L’accréditation obligatoire décidée en 2010, qui devra concerner désormais 100 % de l’activité du laboratoire en 2020, a achevé de mettre sous pression la profession, qui a subi par ailleurs une longue série de baisses de tarifs.
Nous sommes évidemment attachés à la sécurité sanitaire et au renforcement de la qualité, mais nous continuons de penser qu’une accréditation à marche forcée, même si j’admets que le texte issu de la CMP accorde des délais et prévoit des paliers, peut renforcer le risque de financiarisation de ce secteur.

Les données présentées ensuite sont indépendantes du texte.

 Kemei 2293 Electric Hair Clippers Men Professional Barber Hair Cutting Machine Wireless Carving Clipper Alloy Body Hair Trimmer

Devant le coût qu’elle représente, un grand nombre de petits laboratoires indépendants et de proximité seront en effet dans l’obligation de renoncer à leur activité. D’ailleurs, aujourd’hui, les plus anciens se hâtent de vendre et les plus jeunes hésitent à rejoindre la profession.
C’est du pain béni – le mot est un peu malheureux dans notre République ! – pour les grands groupes financiers, qui sont déjà à la manœuvre pour faire de la biologie médicale, comme malheureusement d’autres secteurs de la santé, un marché juteux et sans risque, puisqu’il est in fine solvabilisé par l’assurance maladie. Nul doute que ces opérateurs arriveront toujours à contourner les quelques dispositions contenues dans cette proposition de loi.

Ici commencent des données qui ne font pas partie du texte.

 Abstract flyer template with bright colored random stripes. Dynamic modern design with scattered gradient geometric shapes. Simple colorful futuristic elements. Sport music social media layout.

Nous regrettons la suppression de l’article 10 bis, qui encadrait les tarifs du COFRAC, le Comité français d'accréditation, un organisme indépendant. Notre rapporteur, dont je tiens ici à saluer le travail et le sérieux, a suggéré de faire figurer ce sujet parmi les enquêtes sollicitées auprès de la Cour des comptes ; nous soutenons pleinement une telle proposition.
Que dire du sort réservé à nos amendements en faveur des jeunes biologistes ? À notre grande satisfaction, la CMP a réintroduit à l’article 8 le principe d’une participation minimale des jeunes biologistes associés, adopté au Sénat sur l’initiative, notamment, de Gilbert Barbier, puis écarté par l’Assemblée nationale.
Le statut d’associé ultraminoritaire place en effet les jeunes biologistes dans une situation précaire, les rendant licenciables à merci. Sa suppression n’est pas une solution sans inconvénient, car il faudra bien trouver un moyen d’assurer la transmission intergénérationnelle. Or nous n’observons aucun effort de réflexion en ce sens à la lecture de l’amendement déposé par le Gouvernement, bien que nous ayons essayé de l’analyser sous tous les angles.
Enfin, nous déplorons vivement la réintroduction de l’article 6, qui avait été supprimé par le Sénat. Il y a en effet quelque paradoxe à prévoir un diplôme d’études spécialisées de biologie et à considérer que celui-ci n’est pas forcément nécessaire pour obtenir un poste en CHU. Nous persistons à penser qu’il n’y a pas de raison objective à créer une nouvelle voie dérogatoire, alors que l’ordonnance en prévoyait déjà plusieurs.
Madame la ministre, mes chers collègues, nos débats ont été riches et très instructifs, mais ils n’ont pas abouti à un texte totalement satisfaisant. Malgré de bonnes intentions, nous sommes convaincus qu’il n’atteindra pas l’objectif affiché par ses auteurs et n’empêchera pas la disparition des laboratoires indépendants et de proximité. Au contraire, le risque est grand d’une concentration de l’activité des laboratoires sur des plateaux techniques toujours plus éloignés des territoires ruraux. Enfin, je ne suis pas convaincu que son adoption effacera l’amertume de toute une profession devant la fermeture récente de laboratoires sur l’ensemble du territoire.
C’est pourquoi les membres du groupe du RDSE s’opposeront unanimement au texte issu des conclusions de la commission mixte paritaire, tout comme à l’amendement du Gouvernement.